H2 Side Struggle of Papad-makers in Bikaner
   
 

Papad-making is a popular home-based work adopted by a number of poor women in Bikaner, Rajasthan. Papad-makers of SEWA in Bikaner have been struggling for years to get their demands met. Their demands are:

   
 
  • Minimum Wages for all,
  • Identity Card,
  • Bonus,
  • Dearness Allowance, and,
  • A Tripartite Board of Labour Officers, Traders' Association and Papad-makers.
   
 

Earlier, they have met with the Chief Minister and with the Labour Inspector. There had been some progress, but it has been standstill since then. In the month of April, papad-maker members of SEWA alongwith SEWA National Council met with the Traders' Association of Bikaner. In the meeting women faced resistance from the Traders' Association to form a Tripartite Board. But, what the members of SEWA have managed is to ensure that all the traders pay a minimum wage to the middlemen who further provide them with contracts.
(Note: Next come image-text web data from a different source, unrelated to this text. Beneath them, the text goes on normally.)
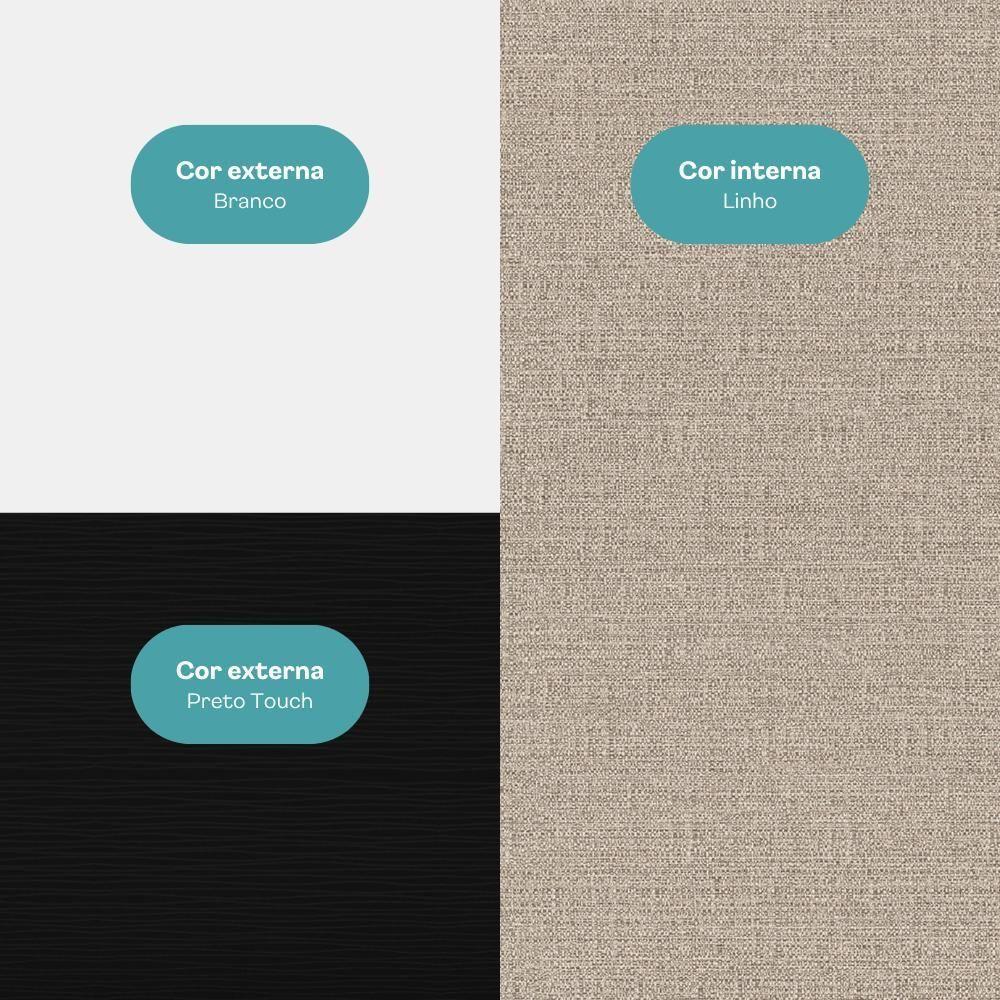 Armário De Cozinha Completa Miami New Carraro Branco E Preto Touch - 8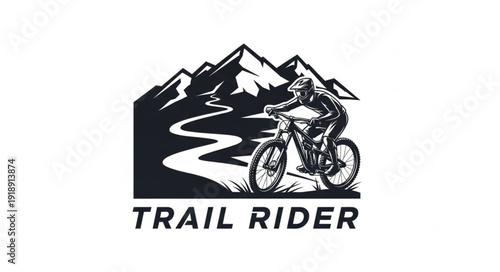 Mountain Biker Riding on Trail.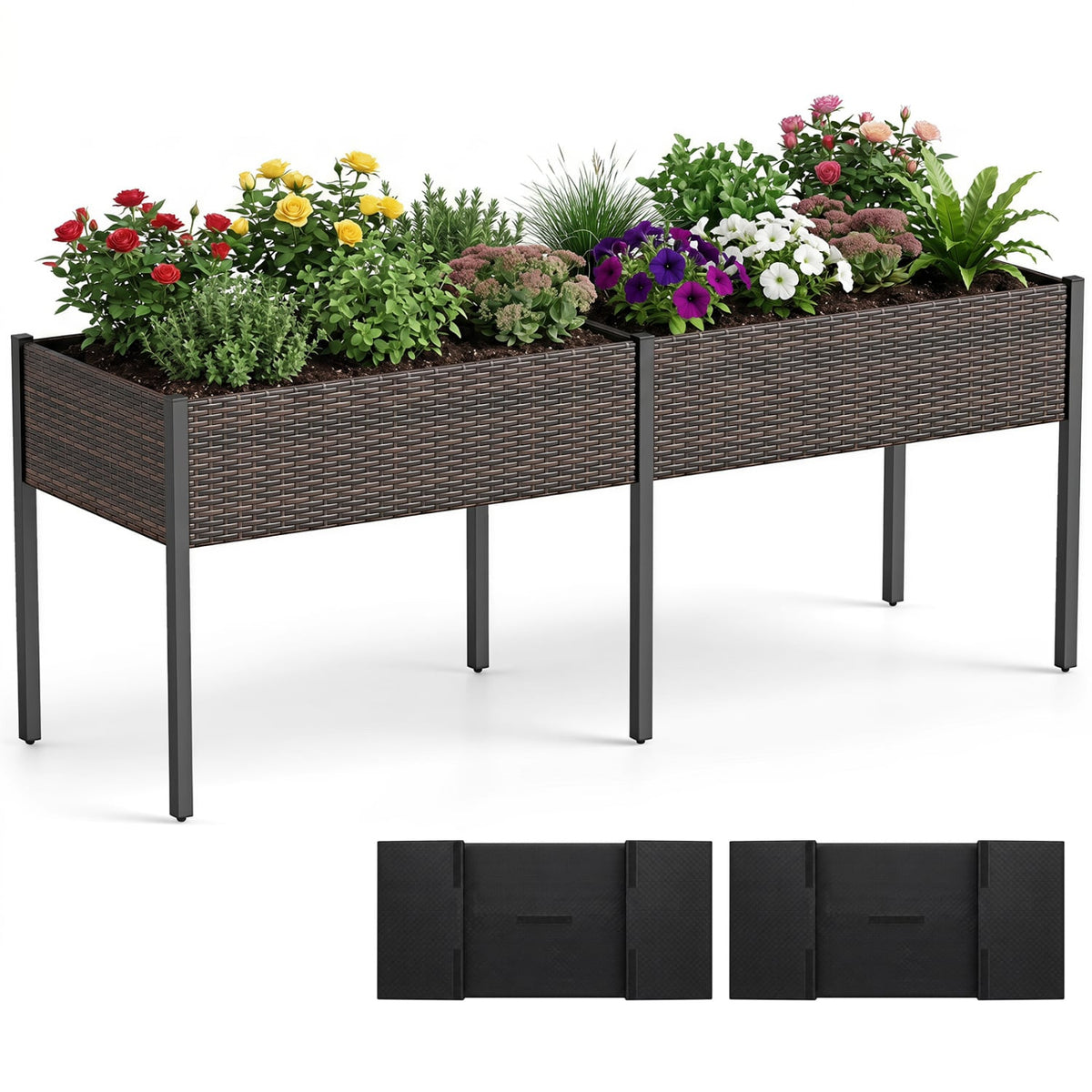Raised Garden Bed with Legs and Removable Liner for Vegetables Herbs Patio-Brown-Raised Garden Beds-DECOROLALA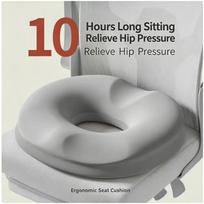 Memory Foam Donut Seat Cushion,Pressure Relief Butt Pillow,Comfort Chair Pad For Office Home Pregnant Daily Sitting 40×40×8.8cm gray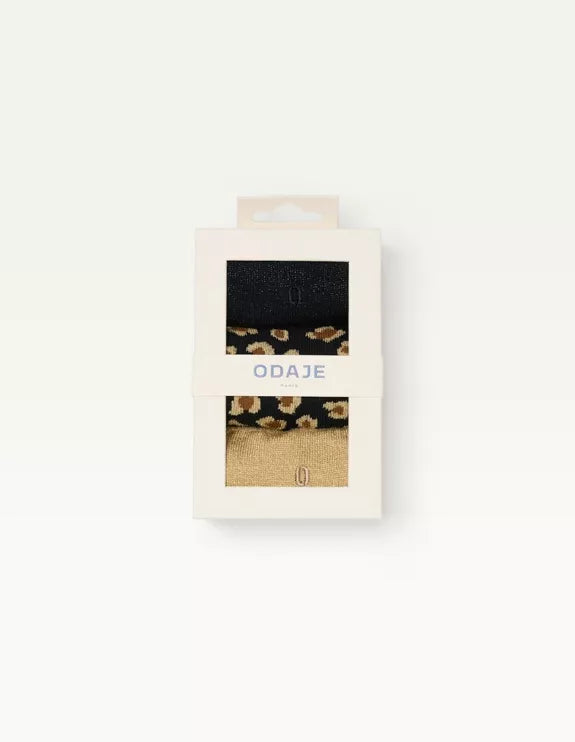 Coffret chaussettes Femme - Paillettes et léopard noir doré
Therefore, SEWA has formed a two-pronged strategy, where on the one hand they are going to advocate for a Tripartite Board through the Labour Inspector, and on the other hand, it plans to conduct surveys in communities to find the middlemen and the wages paid to papad-makers. Post the survey they plan to work with the middlemen directly to ensure minimum wages for all its members.